Prima che ci ritrovassimo una guerra davanti alla porta di casa a
risvegliare in noi il ricordo che la diplomazia da sola non è la regola,
eravamo tutti impegnati ad indignarci per cose che ora sembrano più
futili. Come la mancanza di neve naturale alle Olimpiadi invernali. Post
su post dall’inizio delle competizioni hanno portato all’attenzione
dell’opinione pubblica una domanda che gli appassionati hanno in
mente dalla nomina della capitale cinese per quest’edizione dei Giochi.
Ma come mai proprio Pechino, se è vero che lì la neve non c’è?

I concorrenti in gara. Alla lunga fila di candidature per ospitare i Giochi invernali 2022 si sono presentate nel 2013 Stoccolma, Cracovia, Oslo, Almaty, Lviv e Pechino. Come in ogni concorso che si rispetti ci sono le esperte del settore che nella nostra mente non possono che essere favorite (o almeno nella mia lo sono state, come se solo per il fatto che si  trovassero in nord Europa o avessero una forte tradizione di sport invernali dovessero essere i Paesi scandinavi a fare facessero da host). Poi c’è un pezzo grosso che ha già vinto in altre categorie (Giochi dell’Asia, Universiadi e via via crescendo fino alle Olimpiadi estive del 2008). Infine, c’è chi si presenta sperando nel grande botto in questa carriera, che tipicamente porta tante copertine, interesse mediatico, tutti che vogliono fare foto con te e, ovviamente, soldi. Grandi giri di soldi. 

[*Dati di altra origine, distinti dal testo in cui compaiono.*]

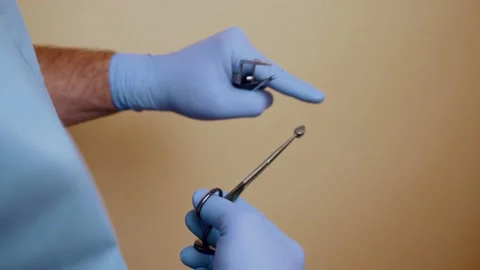 A plastic surgeon holds instruments in his hands before surgery. The doctor Stock Footage 142336638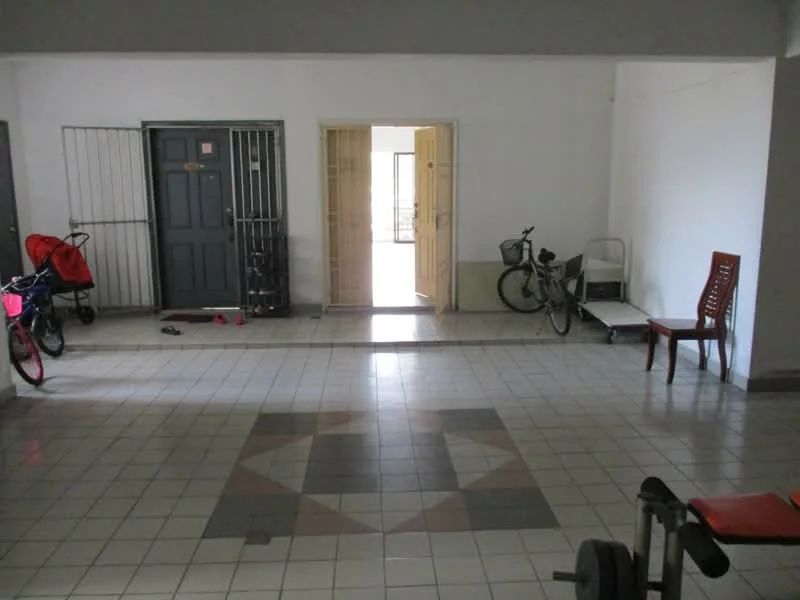 Room features: tiled flooring, white painted walls, two doors leading to other rooms, metal security grills on doors, bicycle storage, children's tricycle, wooden chair, exercise equipment, decorative tile pattern on floor.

La sfilata. Come fanno notare Xin e Kunzmann [Winter Olympics 2022 in Beijing: a must be success story, 2020], due aspetti sono diventati sempre più rilevanti per quanto riguarda sia la presentazione delle candidature da parte delle città, sia la loro accettazione e valutazione da parte del Comitato Olimpico Internazionale (IOC). Se le aspiranti host puntano a modernizzare l’infrastruttura, i trasporti, gli impianti sportivi e a rilanciare lo sviluppo economico, l’IOC necessita a sua volta di criteri di affidabilità finanziaria sempre maggiori. In combinazione con una crescente attenzione verso le opinioni pubbliche locali (che hanno già tarpato le ali anche a progetti per le Olimpiadi estive, come è successo ad Amburgo a metà del decennio scorso). Lo sfondo di tutto questo è la trasformazione, ormai ultimata da tempo, delle Olimpiadi: da evento sportivo a evento mediatico vero e proprio. A fronte di tutto ciò, sono bastati i passaggi obbligati della prima fase di application delle città – un questionario e un report degli stakeholder locali (e.g. le federazioni sportive, le associazioni degli atleti) – per far ritirare dalla corsa Lviv, Stoccolma e Cracovia. Oslo si è invece ritirata durante la seconda fase di candidatura e valutazione da parte dell’IOC, lasciando Pechino e la kazaka Almaty al testa a testa finale. Niente più città d’Europa dunque , teatro delle coppe del mondo di sci alpino; niente più capitali scandinave, orgogliose patrie di campioni di sport invernali. Solo due venues con un problema non indifferente: non piove abbastanza per avere neve in inverno. 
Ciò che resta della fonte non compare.